Après une si une si longue nuit : quatre ados à l’histoire cabossée
Ils sont quatre, Sarah, Samir, Tekitoi et Pierrot. Une fille et trois garçons qui se retrouvent après une dizaine d’années au chevet de leur mère adoptive, dans une salle d’attente d’hôpital. Durant cette longue nuit qui s’achèvera par la mort de cette femme et par leur naissance d’adulte, ils vont échanger, revisiter leurs souvenirs, leur apprentissage de la vie à partir d’un fait commun et fondateur : ils ont été adoptés en France alors que la guerre avait détruit leur famille. Enfants réfugiés de Jérusalem, d’Afrique noire ou d’un pays d’Europe, d’Afghanistan ou d’Algérie, ces quatre là ont une sacrée mémoire à revisiter, celle d’avoir appris à lire, à écrire et à parler dans une langue nouvelle, pour se faire de nouveaux amis, et tenter de survivre avec la main tendue d’une nouvelle famille. Maxime Bailleul, Olivier Dote Doevi, Slimane Kadaoui et Elodie Menant ont l’âge de leur personnage et la jeunesse fiévreuse. Dirigés par Laurent Natrella avec une délicatesse infinie, ils incarnent joyeusement et avec beaucoup d’émotion ces fragments d’existence que la vie aura brisés pour mieux en reconstituer le sens. Sarah la meneuse cache aussi ses bleus à l’âme, face à Tekitoi le sprinter qui a gardé le surnom que ses camarades lui ont donné quand il ne savait pas encore bien parler. Sous ses allures de rouleur de mécanique, Pierrot va fuguer en douce et Samir ne révélera jamais les secrets de sa mélancolie. Un petit bijou de théâtre signé par l’auteur Michèle Laurence.

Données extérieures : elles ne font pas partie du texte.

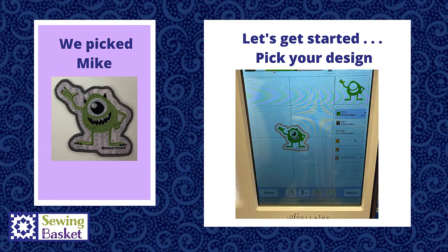The first thing to do is select your design. This can be a built-in design from your machine or something you've brought in from another site. Things to consider are the size of the design, remembering that as we create the patch, the design will grow by about a quarter inch all the way around. So you want to be sure it makes the finished size that you'd like, including that outer edge.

Toute ma vie j’ai fait des choses que je savais pas faire : le choc d’une actrice
Il y a des moments de suspension du temps au théâtre où les mots de la vie rejoignent le monde en furie. Durant quarante cinq minutes, Juliette Plumecocq-Mech, comédienne, incarne un personnage en fuite, le fantôme d’un homme pris pour cible dans un bar, violemment lardé d’injures et de mépris parce qu’il était différent. La peur, la fébrilité, l’incompréhension, le silence, en réaction contre la barbarie qui fait d’un individu une victime choisie. Rémi de Vos a écrit ce monologue haletant pour la comédienne, grand corps androgyne frémissant qui semble surnager au sol, les membre étendus, dans une danse de survie qui crie la révolte. Beethoven déploie sa petite sonate en accord avec sa voix rauque, ses yeux hagards de suppliante tragique happent les spectateurs. On ne ressort pas indemne de ce choc théâtral mis en scène par Christophe Rauck.
Hélène Kuttner
[ Photos : © Pascal Gely/Olivier Brajon/Simon Gosselin/Grégoire Zibell/Aude Vanlathem/Vincent LacotteD ]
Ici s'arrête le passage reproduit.